Myriam Revault d’Allones et Francis Wolff mentionnent l’intervention médiatique d’Emmanuel Macron le mercredi 22 mars et analysent la notion de « monopole de la violence légitime » développée par Max Weber. Ils soulignent l’importance de la culture démocratique du conflit et des limites au pouvoir politique personnel.
Violence des manifestants ou violence de la police ?
Pour Myriam Revault d’Allones, “c’est un antagonisme qui est aussi vieux que l’histoire de la philosophie. Il y a deux lignes interprétatives. La première, la plus classique, c’est que quand on entre en politique, on cesse la violence. L’entrée en institution, c’est l’entrée dans une rationalité, dans le logos, qui fait qu’on échappe à la violence aveugle, pour rentrer dans des rapports politiques et sociaux, ce qui ne veut pas dire que la violence disparaît, mais qu’elle est orientée, qu’elle est canalisée. »
« Mais ce qui est plus compliqué, précise la philosophe, c’est qu’effectivement, non seulement elle ne disparaît mais elle peut d’une certaine façon être mobilisée, au service d’un pouvoir qui est nécessairement un pouvoir de contrainte.

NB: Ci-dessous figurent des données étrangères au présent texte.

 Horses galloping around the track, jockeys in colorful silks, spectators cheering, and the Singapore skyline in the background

Tout pouvoir, même un pouvoir démocratique, est un pouvoir de contrainte.
Max Weber dit la célèbre phrase “le pouvoir détient le monopole de la force légitime ». Mais précisément, la force ce n’est pas la violence. (…) Tout le problème c’est de voir aujourd’hui quelle est la position d’un pouvoir qui prétend à lui seul détenir une légitimité qui lui a été conférée par les urnes, face à des citoyens qui protestent, et de manière tout à fait légitime, parce que dans une démocratie, la légitimité ne s’arrête pas à la délégation de pouvoir que l’on a donnée à ceux qui gouvernent. Une fois que les citoyens ont voté, ils ont le droit et le devoir d’exprimer leur opinion.”
Peut-on comparer les mobilisations contre la réforme des retraites et celle contre la construction de méga-bassines ?

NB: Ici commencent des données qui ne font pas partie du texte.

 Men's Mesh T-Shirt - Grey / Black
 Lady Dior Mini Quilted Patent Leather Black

Francis Wolff estime que “l’on a affaire à deux situations, deux luttes, deux formes de manifestation et de violence qui ne relèvent pas de la même source. Dans les deux cas, les choses sont tout à fait différentes. Si l’on parle de la violence qui a éclaté ce week-end, elle n’a guère de rapport avec l’autre, sauf dans l’esprit de quelques militants qui rêvent à la convergence des luttes.

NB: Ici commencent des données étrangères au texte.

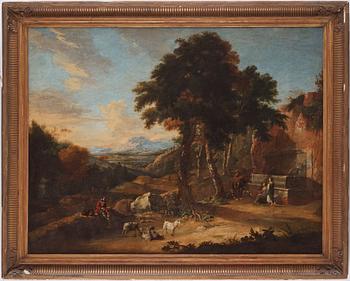 Nicolaes Berchem Attributed to, Italianate landscape with resting figures.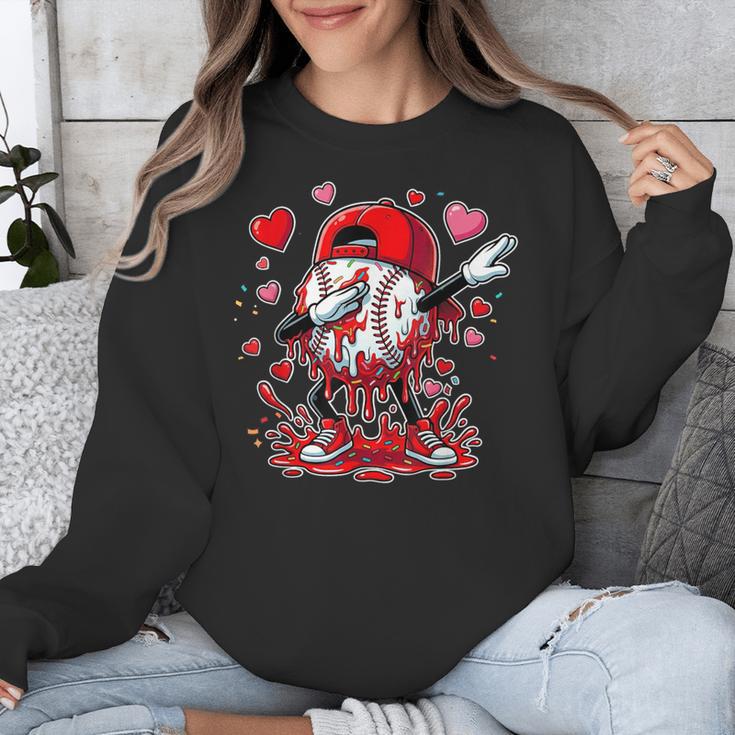 Valentines Baseball Toddler Boys Kids Dabbing Baseball Drip Unisex Sweatshirt Valentines Baseball Toddler Boys Kids Dabbing Baseball Drip Unisex Sweatshirt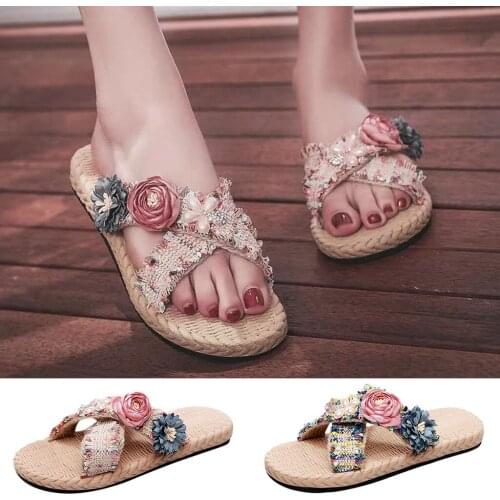 Women Flower Beach Shoes Summer New Non-slip Girls Fashion Beach Shoes Flax Female Flowers Slippers Bohemian Beach Shoes#0706LJC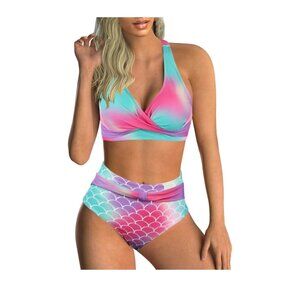 2 Piece Bikini Set -- Tummy Control - Front Wrap top High Waist Swimsuit - Small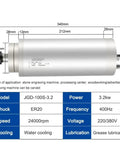 Beefy 3.2 KW Water Cooled CNC Spindle Motor With ER20 Collet Chews Through Stone Cutting At 24000RPM, 340mm length.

Dans un cas, on a un conflit social presque classique, et d’une certaine manière rassurant dans son fondement, puisque l’on a un front syndical uni d’un côté contre un pouvoir inflexible de l’autre. Les camps sont clairs. Mais dans le cas des méga bassines, on a des militants qui sont les héritiers des zadistes, qui eux-mêmes sont des héritiers lointains des altermondialistes. Là, d’un côté, on sait bien que la police française est particulièrement mal formée au maintien de l’ordre et de l’autre côté on a des militants dont certains étaient là pour en découdre.”
L’espoir manque à l’appel dans le champ du politique
“Ce qu’il manque au politique, que ce soit celui qui l’incarne aujourd’hui, ou presque tout autre possible, c’est qu’il est extrêmement difficile de dessiner quelque chose qui serait une idée du bien, constate Francis Wolff. C’est ce qui manque profondément à la politique et à la mobilisation, l’idée que d’un côté nous ne savons pas vers quoi nous souhaiterions aller, nous savons que nous sommes contre, nous savons dire ce qu’il y a comme injustices, mais nous ne savons pas exactement dire ce que serait la justice, ce que serait une société juste”, ajoute-t-il.
« C’est l’une des très rares fois dans l’histoire de notre pays où il n’y a pas un horizon du bien qui soit clair. Ce que l’on appelle la crise du politique c’est avant tout la crise de l’idée même qu’il y a un bien à chercher. Les grands récits que nous avons à transmettre à nos enfants sont des récits négatifs.”
De son côté, Myriam Revault d’Allones pense que “le fait de n’avoir plus un avenir dessiné à l’avance, l’idée que l’avenir est incertain, que nous devons tâtonner pour trouver des perspectives, n’est pas en soi une idée négative. Parce que l’incertitude est la condition même de l’action. Peut-être que nous avons maintenant des possibilités d’élaborer de manière plus modeste, plus fragmentaire, des éléments qui permettent de construire autrement la démocratie”.